Sim, eu já entrei em um ateliê de gravura. Lá fiquei encantada com o cheiro da tinta,com  as grandes bancadas para se trabalhar, com os materiais e as ferramentas. Lá o tempo fluía.  O tempo permitia saborear cada momento daquela experiência com a arte. 
Sim, já entrei numa sala de aula de escola pública. Hoje é lá que habito. Um dia, entrei com o plano e o desejo de compartilhar o que vivi em um ateliê e o encantamento que a gravura produz.
Lá não havia cheiro de tinta, mas crianças com os olhos atentos e curiosos. Não havia também bancadas, mas 35 corpinhos espremidos em um espaço pouco adequado.
Apesar disso insisti em levar meu plano adiante. Não havia madeira para todos, mas havia a possibilidade de levar um pedaço grande e todos experimentarem, mesmo que por alguns minutos. E foi isso que aconteceu. Muitos deles ficaram impressionados com a resistência da madeira e a possibilidade de desenhar com facas. Piiiiiiiiiiiiiiiiiiiiiiiii. A aula acabou.
A saga continuou e foi necessário improvisar com o que tínhamos: bandejas de isopor. Nossas ferramentas passaram a ser palitos e lápis. Furaram, desenharam, experimentaram e Piiiiiiiiiiiiiiiiiiiiiiii a aula acabou.

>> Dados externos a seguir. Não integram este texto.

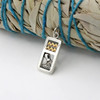 Close-up of an Aquarius zodiac pendant resting on a dark wood surface, highlighting the polished silver and gold details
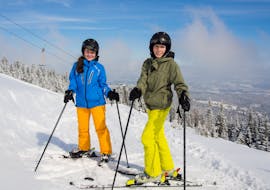 Zwei Skifahrern warten auf der Piste während sie den Skikurs für Erwachsene bei der Skischule Jennerkids TreffAktiv besuchen.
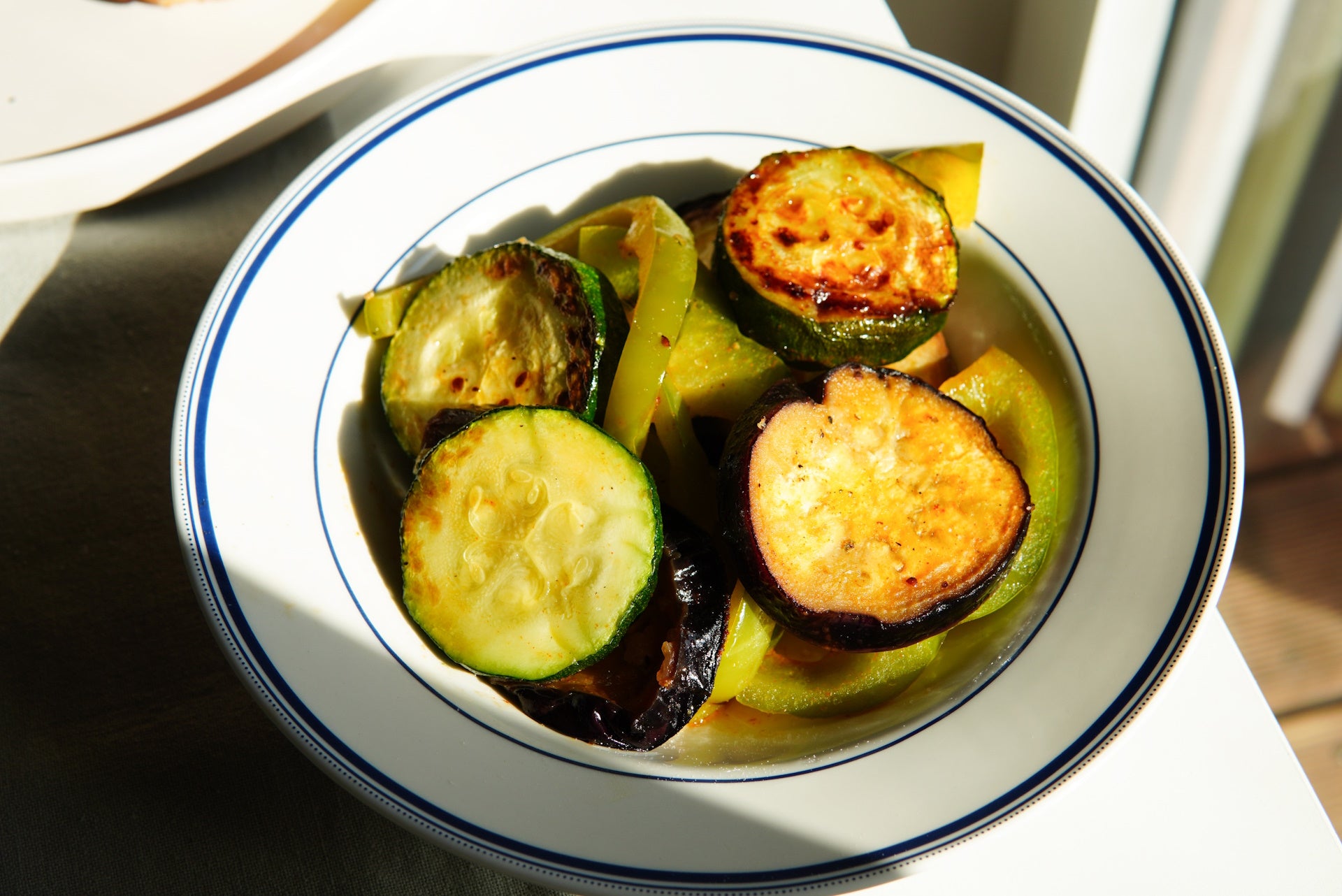 Grilled vegetables marinated in rich olive oil, a flavorful culinary delight.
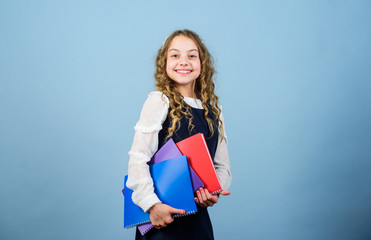 knowledge and education. Back to school. notebook for diary notes. study lesson. small girl with paper folder. hometwork. happy small girl wants to be teacher. Confident student studying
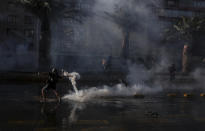 A demonstrator returns a tear gas canister fired by police during a protest against police in reaction to a video that appears to show an officer pushing a youth off a bridge the previous day at a protest, in Santiago, Chile, Saturday, Oct. 3, 2020. (AP Photo/Esteban Felix)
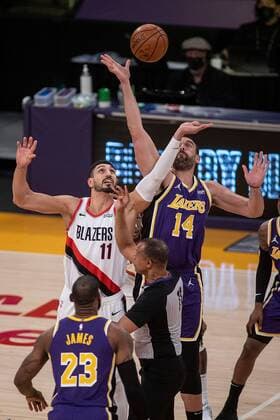 Marc Gasol 14 of the Los Angeles Lakers and Enes Kanter 11 of the Portland Trailblazers start their regular season NBA, Basketball Herren, USA game at the Staples Center in Los Angeles, California, USA, Friday February 26, 2021. Lakers vs Trailblazers !ACHTUNG: NUR REDAKTIONELLE NUTZUNG!  Copyright: xJAVIERxROJASx AME8486 20210227-637500026168683458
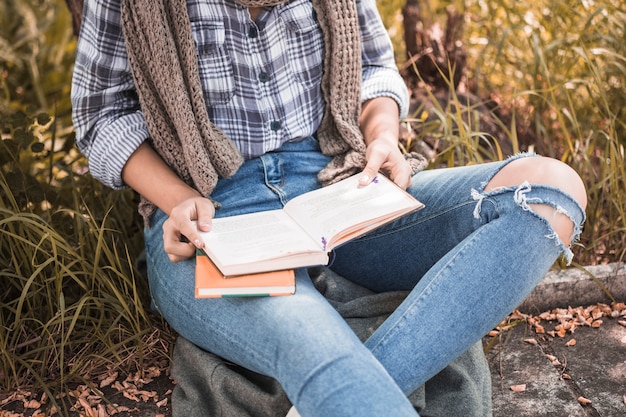 Free photo woman sitting on lawn and holding opened book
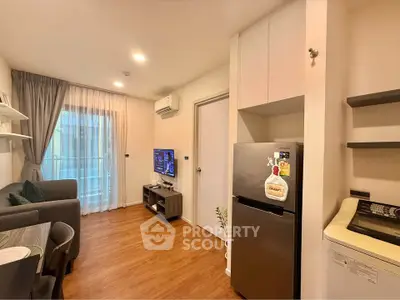 Modern living room with open kitchen, featuring sleek appliances and cozy seating area.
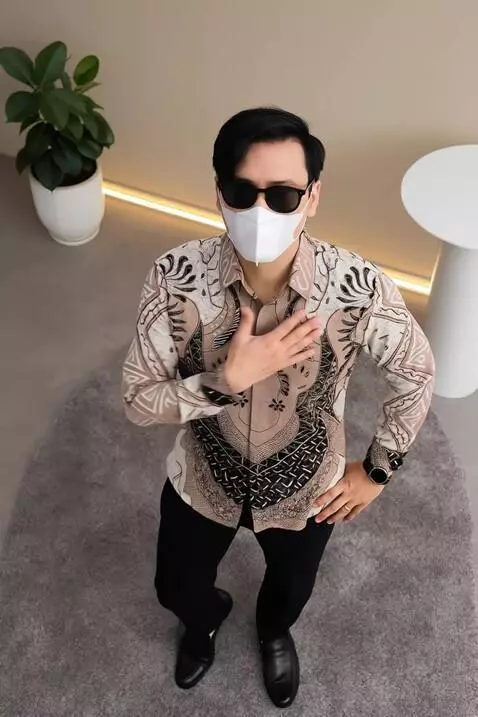 AI Video from prompt: pria ini sedikit manirk kemeja yang dipakainya d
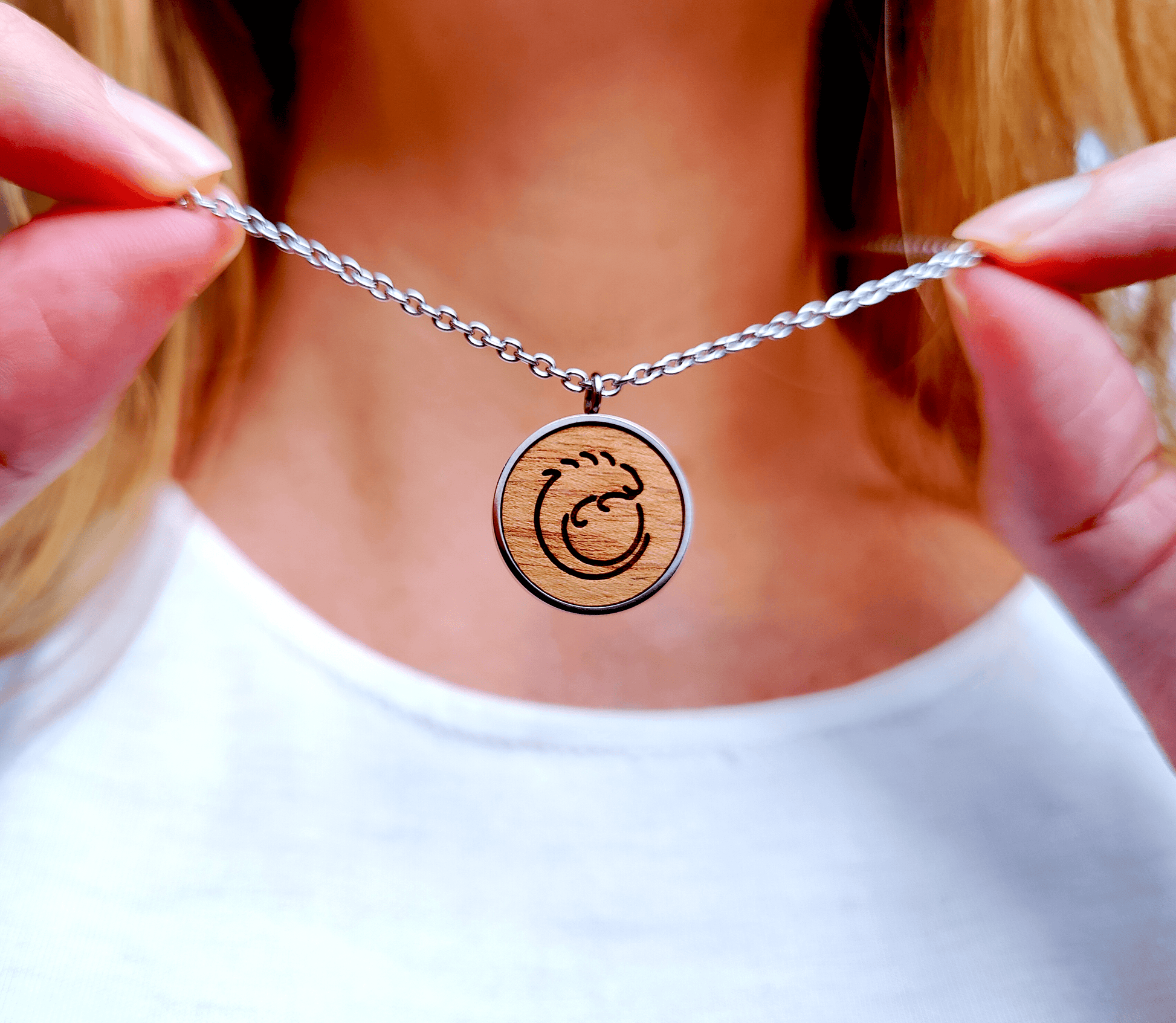 Nut wood iguana pendant necklace with stainless steel chain.  All our eco-friendly necklaces are delivered in FSC certified jewelry boxes with sustainable foam.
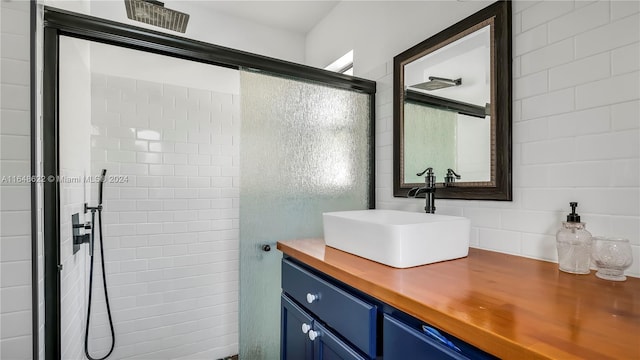 bathroom featuring an enclosed shower and vanity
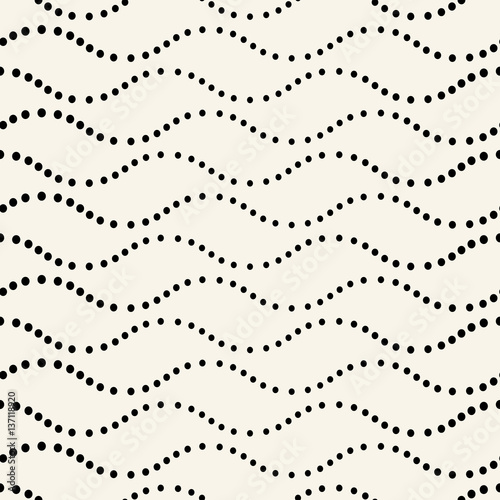 Abstract seamless pattern of various circles on a beige background.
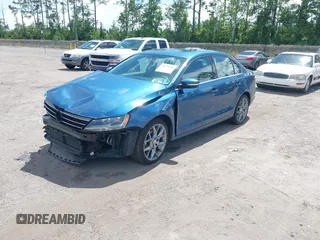 2015 Volkswagen Jetta Sport with VIN 3VWD17AJ9FM297822, listed as a IAAI auction lot 42621800 with 99,966 mi miles and . Bid and sale history available at DreamBid. Image 2.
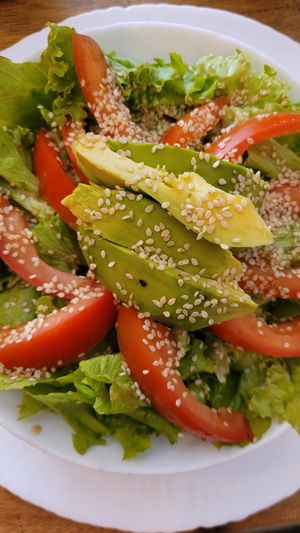 Appetiser salad contains avocado, tomato and lettuce with sesame seeds and a light dressing at Amaranta Cocina Consciente in Medellin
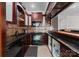 Wet bar features granite counters, backsplash, cabinets, sink and appliances at 7412 Sahalee Dr, Denver, NC 28037
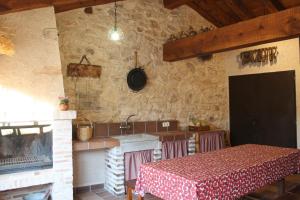 a kitchen with a table and a sink and a stove at Cotanilla in Cubillo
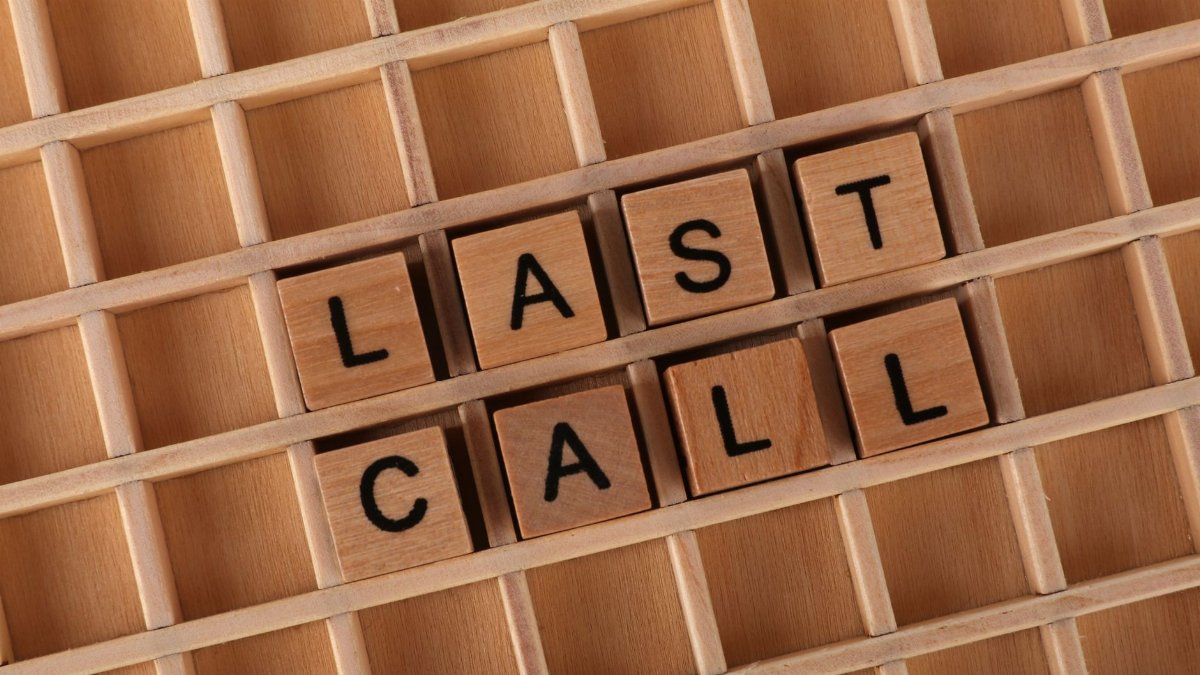 Wooden Scrabble tiles spelling 'Last Call' on a wooden grid background.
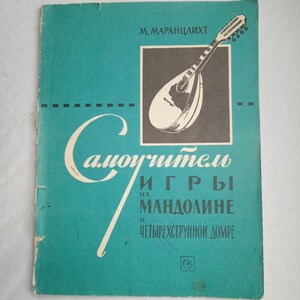 Puede incluir: Una portada de libro vintage de color turquesa con el título "Самоучитель игры на мандолине и четырехструнной домре" y una ilustración en blanco y negro de una mandolina. El nombre del autor, M. Marantslikht, está en la parte superior.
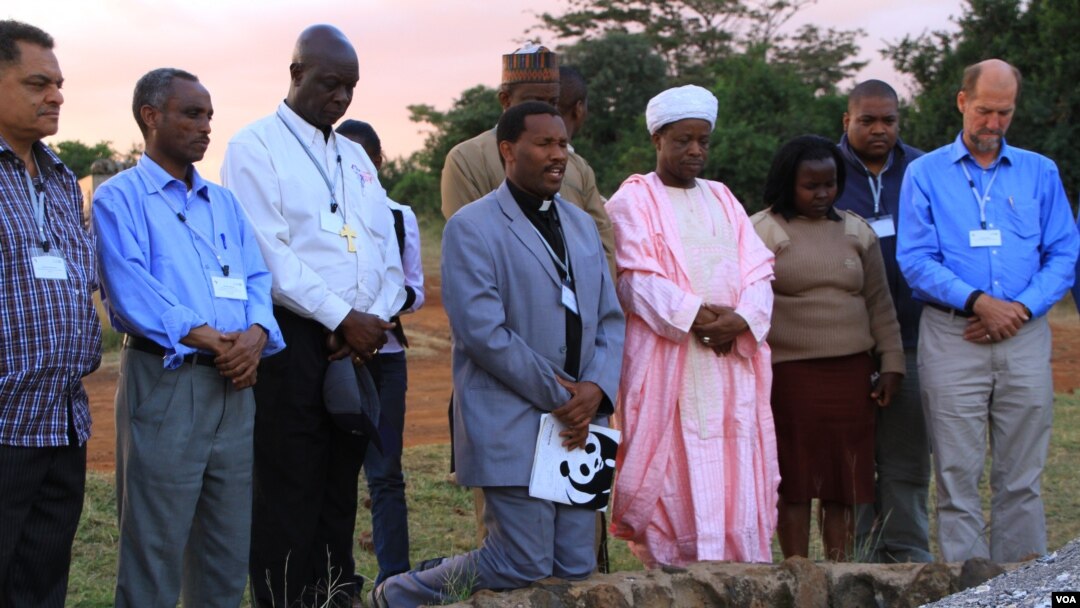 Representatives of the Christian, Muslim, Hindu, and Buddhist faiths pray for Africa's wildlife at the historic Ivory Burning Site in Nairobi National Park, Kenya, September 20, 2012. (J. Craig/VOA)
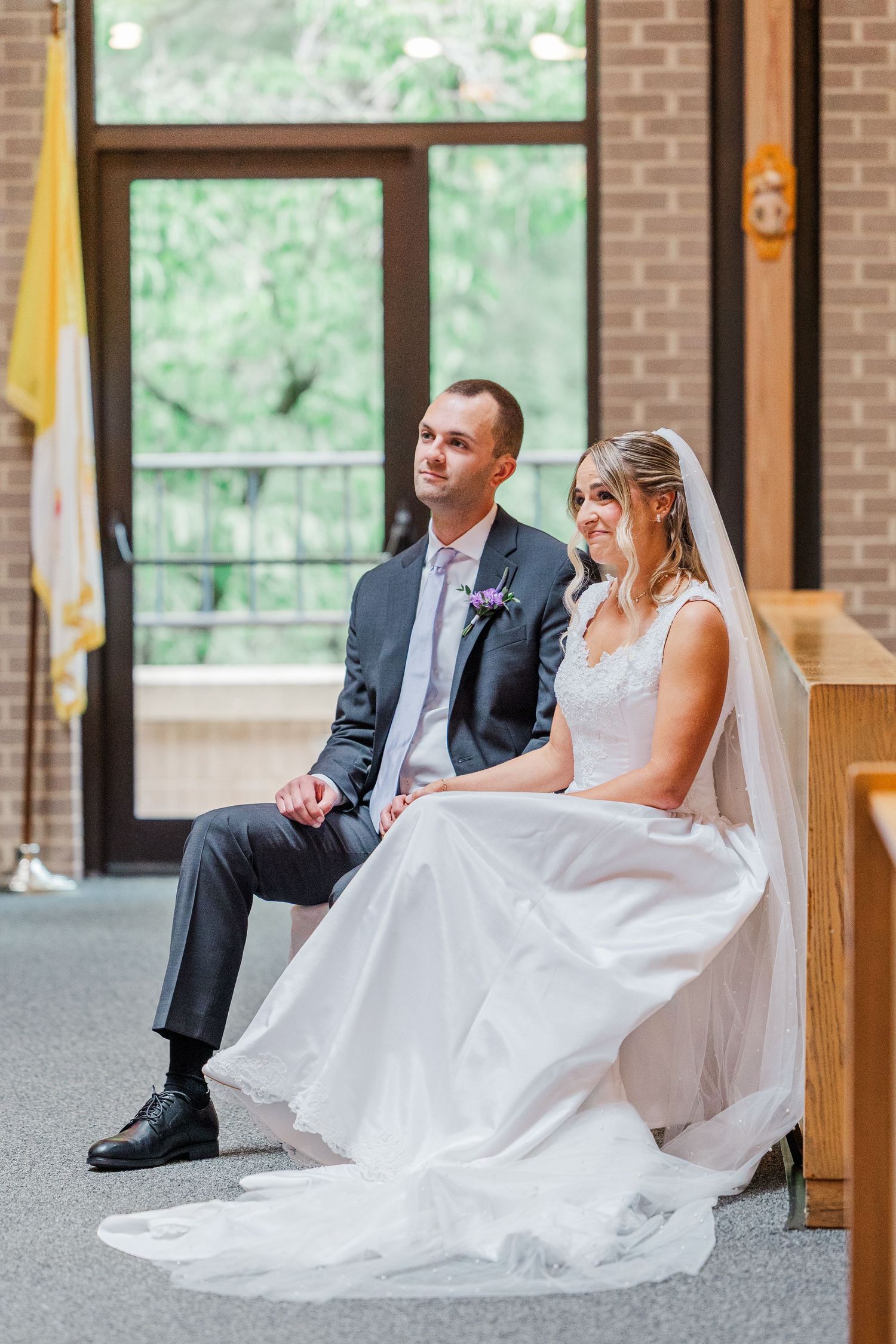 Bride and groom sitting together in a church during their wedding ceremony, bride in white gown with veil.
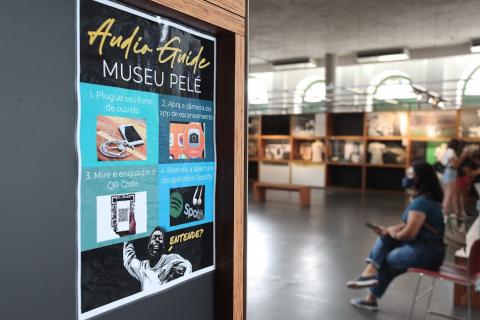 porta de entrada com cartaz afixado onde se lê Audio Guide Museu Pelé. O carta tem algumas orientações para o funcionamento do serviço, com uma imagem de pelé comemorando um gol na parte de baixo. #paratodosverem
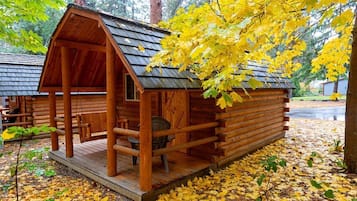 A wooden cabin with a porch, surrounded by autumn foliage.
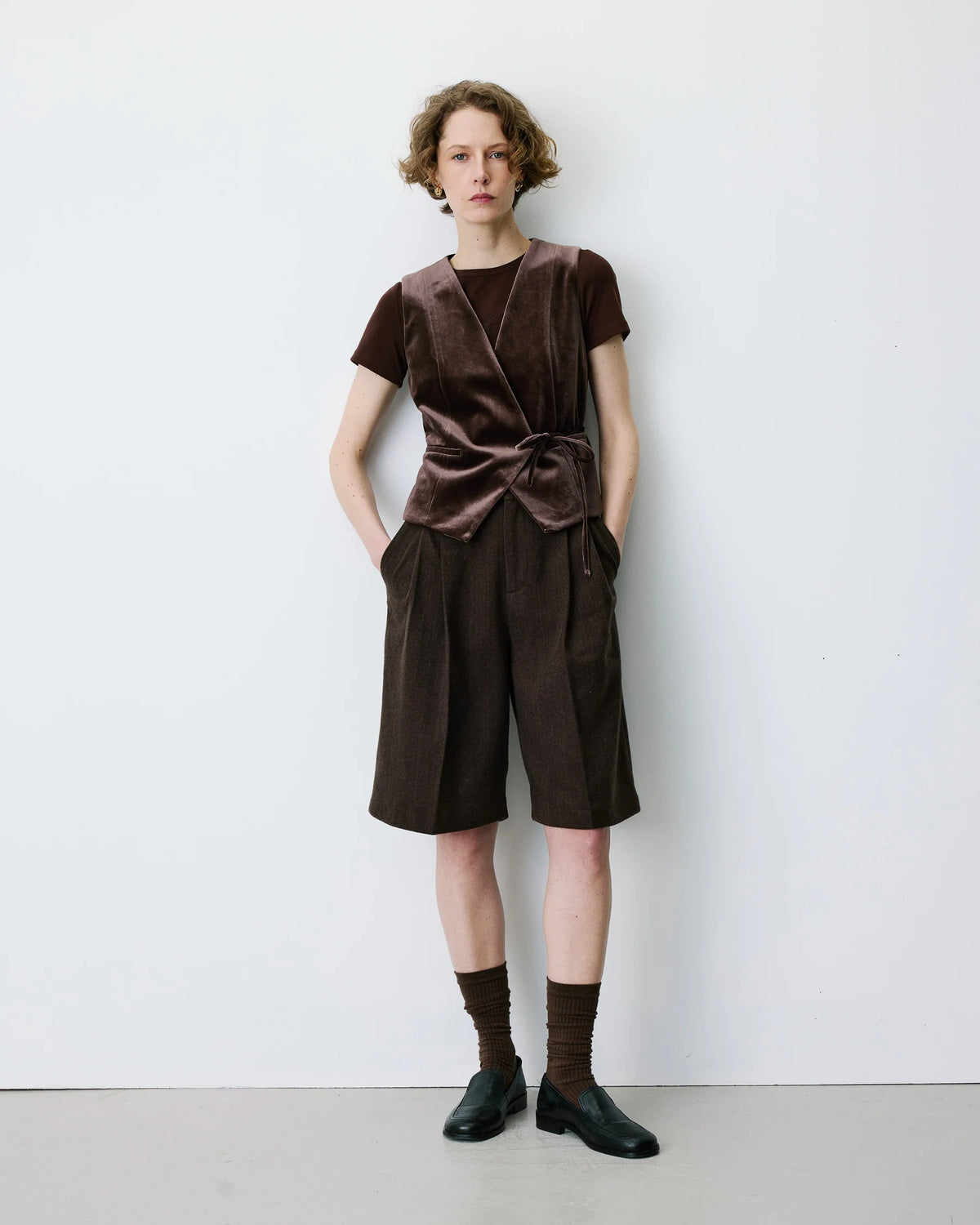 velvet brown vest with a tie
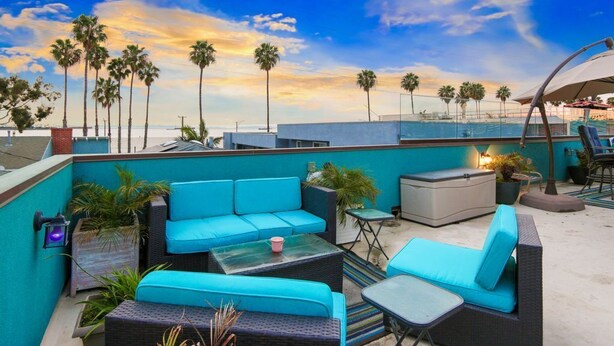 A rooftop terrace with blue seating, a small table, and a potted plant. - Large 4 bedroom, steps from the beach with rooftop patio and jacuzzi. Sleeps 10 (Long Beach)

Chegou a hora da impressão.  Eram apenas 5 rolinhos para 30 e poucas crianças. A escola não comprou e foi o que pude tirar do próprio bolso. A cada imagem que era impressa uma explosão de alegria e encantamento acontecia. Ainda faltavam muitas crianças para imprimir suas gravuras. A falta de tempo me sufocava. Muitos ansiosos para verem sua imagem, gritavam meu nome, outros correndo, pois já tinham terminado. Tinha vontade de fugir. Piiiiiiiiiiiiiiii a aula acabou.
Ridículo. Era isso que me passava pela cabeça ao lembrar da qualidade da minha experiência  em um ateliê em comparação com o que era possível proporcionar aos alunos nas minhas aulas. Ridículo ter que me sujeitar e sujeitar os alunos a condições tão degradantes e empobrecedoras. Ridículo ter que me adequar a um tempo que aborta experiências significativas. Ridículo ter consciência que estou em sistema que foi construído pelas classes abastadas para dar o mínimo, do mínimo, já que a maior parte dos estudantes de escola pública, pobres, só precisa saber ler e fazer continhas. Arte é acessório, penduricalho. Arte não precisa de muito tempo, qualquer um faz. Não precisa de tanta atenção. Piiiiiiiiiiiiiiiiiiiiiiii o tempo acabou.